Xylitol is a sugar alcohol (polyalcohol). Although it occurs naturally in nature, it’s considered an artificial sweetener.

Xylitol looks and tastes like sugar, but it doesn’t contain fructose. It also doesn’t raise blood sugar levels, and it has about 40% fewer calories than sugar.

According to a 2009 journal article, xylitol is an effective defense against several bacteria, especially Streptococcus mutans, the main contributor to tooth decay and enamel breakdown.

Sugar is food for the cariogenic (cavity causing) bacteria that live in your mouth. When those bacteria feed on fermentable sugars, they produce lactic acid that damages tooth enamel.

That damage can eventually lead to cavities. Xylitol is an unfermentable sugar alcohol that can’t be processed by the bacteria. That means no lactic acid is produced to damage enamel.

According to a 2017 study, xylitol also helps to kill off cariogenic bacteria by interfering with their “energy consumption cycle.”

Toothpaste can be a delivery system for xylitol. However, a 2015 laboratory study published in the European Archives of Paediatric Dentistry found that xylitol toothpaste did not significantly inhibit the growth of the bacteria Streptococcus mutans.

A 2015 study found that a fluoride toothpaste with 10% xylitol, reduced the risk of cavities by 13% when used over a period of 2.5 to 3 years in children.

Proponents of xylitol suggest that it makes a strong combination with fluoride in toothpaste. Xylitol helps protect the teeth from damage, and fluoride helps repair any damage that the teeth might sustain.

However, a 2014 study found no significant difference in reducing children’s tooth decay between brushing with a xylitol-fluoride toothpaste or a fluoride-only toothpaste.

The American Academy of Pediatric Dentistry (AAPD) has endorsed using xylitol as part of a complete strategy to prevent tooth decay or cavities.

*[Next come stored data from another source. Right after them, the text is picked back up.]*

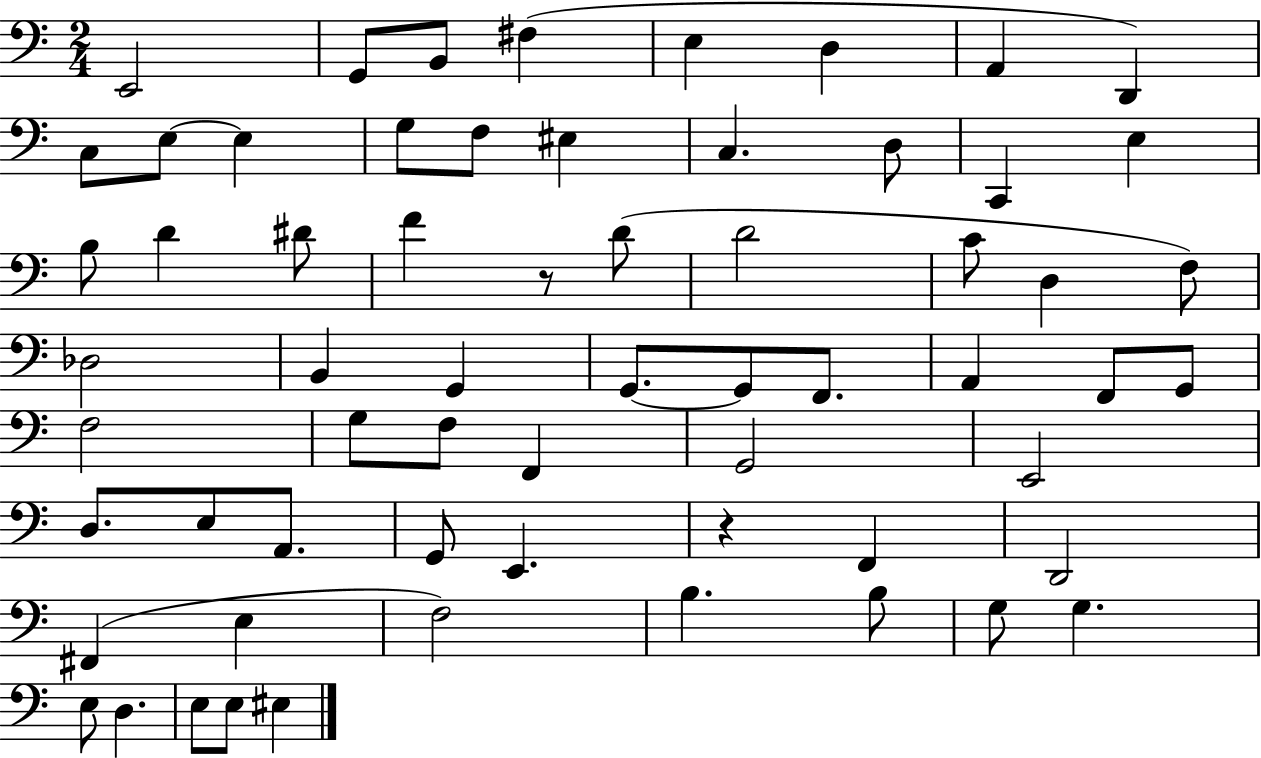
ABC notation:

X:1
T:Untitled
M:2/4
L:1/4
K:C
E,,2 G,,/2 B,,/2 ^F, E, D, A,, D,, C,/2 E,/2 E, G,/2 F,/2 ^E, C, D,/2 C,, E, B,/2 D ^D/2 F z/2 D/2 D2 C/2 D, F,/2 _D,2 B,, G,, G,,/2 G,,/2 F,,/2 A,, F,,/2 G,,/2 F,2 G,/2 F,/2 F,, G,,2 E,,2 D,/2 E,/2 A,,/2 G,,/2 E,, z F,, D,,2 ^F,, E, F,2 B, B,/2 G,/2 G, E,/2 D, E,/2 E,/2 ^E,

It does not recommend using xylitol toothpaste “because the research evidence is inconclusive.”

The AAPD has indicated its support of additional research “to clarify the impact of xylitol delivery vehicles, the frequency of exposure, and the optimal dosage to reduce caries and improve the oral health of children.”

Many dentists suggest chewing gum that has been sweetened with xylitol. A 2012 review indicates that chewing enhances xylitol’s anticariogenic (anti-tooth decay) effect.

According to the California Dental Association (CDA), to get the optimal dental benefits from xylitol, your daily intake should be 5 grams. That’s three to five times a day for xylitol gum or mints.

The CDA also suggests that a combination of frequency and duration are important. They recommend that gum be chewed for about five minutes, and mints be fully dissolved in the mouth and not chewed.

The primary side effect of xylitol is a result of it being slowly digested in the large intestine. In large amounts it can cause soft stools or act as a laxative.

Be aware that xylitol is exceptionally toxic to dogs. If your dog eats xylitol toothpaste — or xylitol in any form — immediately take them to the veterinarian along with the packaging from the xylitol product (for the vet’s reference).

Xylitol is a sugar replacement that has tooth decay preventive properties. Other positive attributes include not raising blood sugar levels and having fewer calories than sugar.

In regard to xylitol in toothpaste, it’s too soon to make a definitive statement about it making — or not making — a significant impact on calorie prevention.

Although xylitol has been shown to be an effective defense against several bacteria, toothpaste may not be the most effective delivery system for it. If you’re considering switching to a toothpaste with xylitol, consult your dentist first.

If you decide to use a xylitol toothpaste, use it as part of your oral hygiene routine. Xylitol toothpaste shouldn't be considered a substitute for standard dental care such as daily brushing, flossing, and regular visits to the dentist.